French Catholic dialogue

It seems likely that France will make at least some forms of euthanasia and suicide legal later this year, which is why President Macron’s explicit invitation to Catholics to participate in the French public debate on bioethics leaves me feeling conflicted:

French President Emmanuel Macron stressed the importance of a Catholic voice in the country’s political debates, particularly on bioethical issues, in an address to the French bishops April 9.

“What I want to call you tonight is to engage politically in our national debate and in our European debate because your faith is part of the commitment that this debate needs,” Macron told French bishops in a rare public meeting between Church and government leaders in France.

While France was once referred to as the “eldest daughter of the Church,” the country’s legal secularism has required strict neutrality of the state in religious matters since 1905.

In his speech Monday, however, Macron spoke of the important philosophical need for the Church’s voice.

“What strikes our country … is not only the economic crisis, it is relativism; it is even nihilism,” said Macron.

“Our contemporaries need, whether they believe or do not believe, to hear from another perspective on man than the material perspective,” he continued, “They need to quench another thirst, which is a thirst for absolute. It is not a question here of conversion, but of a voice which, with others, still dares to speak of man as a living spirit.”

Father Joseph Koczera, an American priest based in Paris, told CNA that in some ways, Macron’s speech “was quite remarkable.”

“This is a clear challenge to a particular style of French secularism that suggests that, [since] the state must remain neutral, perspectives informed by religion should not be invoked in political debates,” Koczera said.

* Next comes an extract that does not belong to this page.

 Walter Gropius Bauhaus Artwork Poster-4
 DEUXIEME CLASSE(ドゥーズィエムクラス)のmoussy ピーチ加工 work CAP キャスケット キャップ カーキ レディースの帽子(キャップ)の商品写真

Macron stressed that “Secularism does not have the function of uprooting from our societies the spirituality that nourishes so many of our fellow citizens.”

“To deliberately blind myself to the spiritual dimension that Catholics invest in their moral, intellectual, family, professional, social life would be to condemn me to having only a partial view of France; it would be to ignore the country, its history, its citizens; and affecting indifference, I would derogate from my mission,” he said.

Macron’s speech comes as bioethical debates continue in France, with parliament preparing to reform its bioethics laws.

It’s a great thing that President Macron is inviting Catholics back to a place in public discourse. But if it ends up merely being a further way to condone an anticipated legalization of forms of euthanasia and suicide by underscoring that “Catholics were given a chance to voice their positions,” after all meaningful decisions had already been made, then it would be an example of cynical political use, rather than meaningful outreach and dialogue. We’ll see.